Extract exactly and only the lines of the data below, starting at the line with "Appartement 2 pièces 42 m²" and stopping after the final line.

#### Provided data:
--- START ---

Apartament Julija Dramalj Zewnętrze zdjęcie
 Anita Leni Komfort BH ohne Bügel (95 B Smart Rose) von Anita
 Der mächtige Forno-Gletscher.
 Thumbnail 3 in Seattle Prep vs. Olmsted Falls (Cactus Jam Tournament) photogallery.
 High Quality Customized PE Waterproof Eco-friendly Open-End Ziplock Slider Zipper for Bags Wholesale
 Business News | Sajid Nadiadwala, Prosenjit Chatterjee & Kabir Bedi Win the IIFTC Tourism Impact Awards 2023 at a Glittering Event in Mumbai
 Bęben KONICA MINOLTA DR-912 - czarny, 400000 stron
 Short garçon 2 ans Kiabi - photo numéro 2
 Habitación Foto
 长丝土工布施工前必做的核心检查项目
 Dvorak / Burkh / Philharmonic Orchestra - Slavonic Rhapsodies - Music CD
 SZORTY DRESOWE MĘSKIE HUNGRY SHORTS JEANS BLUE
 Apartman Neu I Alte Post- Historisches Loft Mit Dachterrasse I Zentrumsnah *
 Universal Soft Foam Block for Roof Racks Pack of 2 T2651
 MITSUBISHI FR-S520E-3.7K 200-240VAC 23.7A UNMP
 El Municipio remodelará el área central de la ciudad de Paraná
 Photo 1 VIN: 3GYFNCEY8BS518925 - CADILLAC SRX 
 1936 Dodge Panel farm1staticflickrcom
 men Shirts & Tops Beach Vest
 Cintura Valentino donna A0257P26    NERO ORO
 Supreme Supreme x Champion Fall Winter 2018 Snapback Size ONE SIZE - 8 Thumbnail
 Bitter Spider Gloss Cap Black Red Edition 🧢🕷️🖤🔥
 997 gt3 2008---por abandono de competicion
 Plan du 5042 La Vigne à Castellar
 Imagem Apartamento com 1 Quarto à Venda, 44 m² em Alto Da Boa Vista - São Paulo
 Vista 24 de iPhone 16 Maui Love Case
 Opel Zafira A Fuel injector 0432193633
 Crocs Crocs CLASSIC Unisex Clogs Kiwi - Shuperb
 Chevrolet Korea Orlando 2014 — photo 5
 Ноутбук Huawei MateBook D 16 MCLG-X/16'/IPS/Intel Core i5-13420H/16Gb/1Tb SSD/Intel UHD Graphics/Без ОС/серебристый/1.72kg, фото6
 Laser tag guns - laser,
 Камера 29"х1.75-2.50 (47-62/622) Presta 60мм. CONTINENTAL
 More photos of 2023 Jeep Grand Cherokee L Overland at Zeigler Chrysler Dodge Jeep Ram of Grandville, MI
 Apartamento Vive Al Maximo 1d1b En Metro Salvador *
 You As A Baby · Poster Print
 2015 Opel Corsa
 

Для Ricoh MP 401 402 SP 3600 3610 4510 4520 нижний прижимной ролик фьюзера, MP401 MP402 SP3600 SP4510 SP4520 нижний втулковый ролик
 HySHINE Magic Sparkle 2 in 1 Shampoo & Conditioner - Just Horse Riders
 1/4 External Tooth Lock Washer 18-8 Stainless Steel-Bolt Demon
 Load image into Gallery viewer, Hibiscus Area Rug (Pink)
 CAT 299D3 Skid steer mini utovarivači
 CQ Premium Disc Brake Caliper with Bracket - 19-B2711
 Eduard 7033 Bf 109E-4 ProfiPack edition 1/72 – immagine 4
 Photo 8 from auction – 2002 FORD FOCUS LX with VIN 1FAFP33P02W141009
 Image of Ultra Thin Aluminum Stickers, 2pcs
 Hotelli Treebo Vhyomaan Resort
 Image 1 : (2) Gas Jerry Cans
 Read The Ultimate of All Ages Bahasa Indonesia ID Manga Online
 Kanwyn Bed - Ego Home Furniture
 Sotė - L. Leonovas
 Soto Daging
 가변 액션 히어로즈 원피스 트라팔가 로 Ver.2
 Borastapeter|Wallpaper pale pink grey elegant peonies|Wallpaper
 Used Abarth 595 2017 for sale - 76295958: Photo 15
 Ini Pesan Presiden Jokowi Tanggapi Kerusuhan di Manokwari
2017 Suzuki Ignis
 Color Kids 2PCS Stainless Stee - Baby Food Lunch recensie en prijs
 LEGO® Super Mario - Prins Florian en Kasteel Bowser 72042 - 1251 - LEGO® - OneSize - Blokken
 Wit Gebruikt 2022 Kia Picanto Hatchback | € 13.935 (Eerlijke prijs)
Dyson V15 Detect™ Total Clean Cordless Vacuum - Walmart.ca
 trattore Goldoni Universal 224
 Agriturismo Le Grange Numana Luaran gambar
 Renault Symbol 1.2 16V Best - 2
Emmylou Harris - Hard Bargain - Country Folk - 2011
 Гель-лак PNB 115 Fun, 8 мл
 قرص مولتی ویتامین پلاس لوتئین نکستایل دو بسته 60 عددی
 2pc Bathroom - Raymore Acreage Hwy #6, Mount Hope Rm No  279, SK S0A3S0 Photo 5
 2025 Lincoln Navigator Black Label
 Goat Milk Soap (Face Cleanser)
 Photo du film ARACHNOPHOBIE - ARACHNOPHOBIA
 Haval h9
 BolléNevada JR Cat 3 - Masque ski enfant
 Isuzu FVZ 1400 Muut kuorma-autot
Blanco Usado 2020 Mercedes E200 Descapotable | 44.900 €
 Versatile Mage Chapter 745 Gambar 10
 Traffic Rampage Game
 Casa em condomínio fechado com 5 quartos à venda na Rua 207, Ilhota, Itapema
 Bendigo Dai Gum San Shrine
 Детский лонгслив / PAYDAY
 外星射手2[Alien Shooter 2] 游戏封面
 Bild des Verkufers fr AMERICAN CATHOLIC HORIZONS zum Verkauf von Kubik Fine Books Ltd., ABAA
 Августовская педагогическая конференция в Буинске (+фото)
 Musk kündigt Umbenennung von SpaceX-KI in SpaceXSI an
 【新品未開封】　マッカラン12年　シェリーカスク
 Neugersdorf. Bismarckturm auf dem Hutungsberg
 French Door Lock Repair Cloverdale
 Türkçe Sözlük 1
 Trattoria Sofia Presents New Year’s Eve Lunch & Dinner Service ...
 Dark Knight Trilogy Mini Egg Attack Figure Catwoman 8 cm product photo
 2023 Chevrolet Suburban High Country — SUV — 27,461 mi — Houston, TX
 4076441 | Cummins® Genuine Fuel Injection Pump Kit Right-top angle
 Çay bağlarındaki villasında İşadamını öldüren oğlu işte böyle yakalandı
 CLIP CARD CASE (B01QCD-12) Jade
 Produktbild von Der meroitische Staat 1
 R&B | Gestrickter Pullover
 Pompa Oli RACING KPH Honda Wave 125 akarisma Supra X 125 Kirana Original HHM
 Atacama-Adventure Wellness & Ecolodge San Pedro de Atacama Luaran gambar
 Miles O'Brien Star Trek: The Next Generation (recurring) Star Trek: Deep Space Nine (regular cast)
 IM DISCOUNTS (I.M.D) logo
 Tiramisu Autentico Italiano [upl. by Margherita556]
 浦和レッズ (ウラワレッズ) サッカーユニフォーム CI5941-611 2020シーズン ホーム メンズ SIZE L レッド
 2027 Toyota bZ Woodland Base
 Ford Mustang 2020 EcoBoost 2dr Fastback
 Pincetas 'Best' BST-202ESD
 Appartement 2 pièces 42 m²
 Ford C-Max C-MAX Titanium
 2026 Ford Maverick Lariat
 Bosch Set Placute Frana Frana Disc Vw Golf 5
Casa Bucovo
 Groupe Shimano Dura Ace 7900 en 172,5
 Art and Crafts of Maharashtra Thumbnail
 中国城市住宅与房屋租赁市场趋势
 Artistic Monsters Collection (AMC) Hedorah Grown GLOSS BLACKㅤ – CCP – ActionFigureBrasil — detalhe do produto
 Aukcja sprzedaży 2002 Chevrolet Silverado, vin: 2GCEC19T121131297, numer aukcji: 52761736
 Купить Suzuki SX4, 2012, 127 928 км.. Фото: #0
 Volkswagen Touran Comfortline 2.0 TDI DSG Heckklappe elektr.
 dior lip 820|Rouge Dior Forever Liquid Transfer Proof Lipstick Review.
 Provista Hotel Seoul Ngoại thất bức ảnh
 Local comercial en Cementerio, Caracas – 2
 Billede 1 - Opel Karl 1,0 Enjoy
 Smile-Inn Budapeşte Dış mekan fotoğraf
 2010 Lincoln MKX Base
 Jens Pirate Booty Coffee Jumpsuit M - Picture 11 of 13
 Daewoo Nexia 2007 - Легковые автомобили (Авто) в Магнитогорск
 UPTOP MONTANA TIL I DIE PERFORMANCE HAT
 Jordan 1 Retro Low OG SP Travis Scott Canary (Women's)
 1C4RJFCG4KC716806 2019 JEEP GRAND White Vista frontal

--- END ---

#### Task solution:
 Appartement 2 pièces 42 m²
 Ford C-Max C-MAX Titanium
 2026 Ford Maverick Lariat
 Bosch Set Placute Frana Frana Disc Vw Golf 5
Casa Bucovo
 Groupe Shimano Dura Ace 7900 en 172,5
 Art and Crafts of Maharashtra Thumbnail
 中国城市住宅与房屋租赁市场趋势
 Artistic Monsters Collection (AMC) Hedorah Grown GLOSS BLACKㅤ – CCP – ActionFigureBrasil — detalhe do produto
 Aukcja sprzedaży 2002 Chevrolet Silverado, vin: 2GCEC19T121131297, numer aukcji: 52761736
 Купить Suzuki SX4, 2012, 127 928 км.. Фото: #0
 Volkswagen Touran Comfortline 2.0 TDI DSG Heckklappe elektr.
 dior lip 820|Rouge Dior Forever Liquid Transfer Proof Lipstick Review.
 Provista Hotel Seoul Ngoại thất bức ảnh
 Local comercial en Cementerio, Caracas – 2
 Billede 1 - Opel Karl 1,0 Enjoy
 Smile-Inn Budapeşte Dış mekan fotoğraf
 2010 Lincoln MKX Base
 Jens Pirate Booty Coffee Jumpsuit M - Picture 11 of 13
 Daewoo Nexia 2007 - Легковые автомобили (Авто) в Магнитогорск
 UPTOP MONTANA TIL I DIE PERFORMANCE HAT
 Jordan 1 Retro Low OG SP Travis Scott Canary (Women's)
 1C4RJFCG4KC716806 2019 JEEP GRAND White Vista frontal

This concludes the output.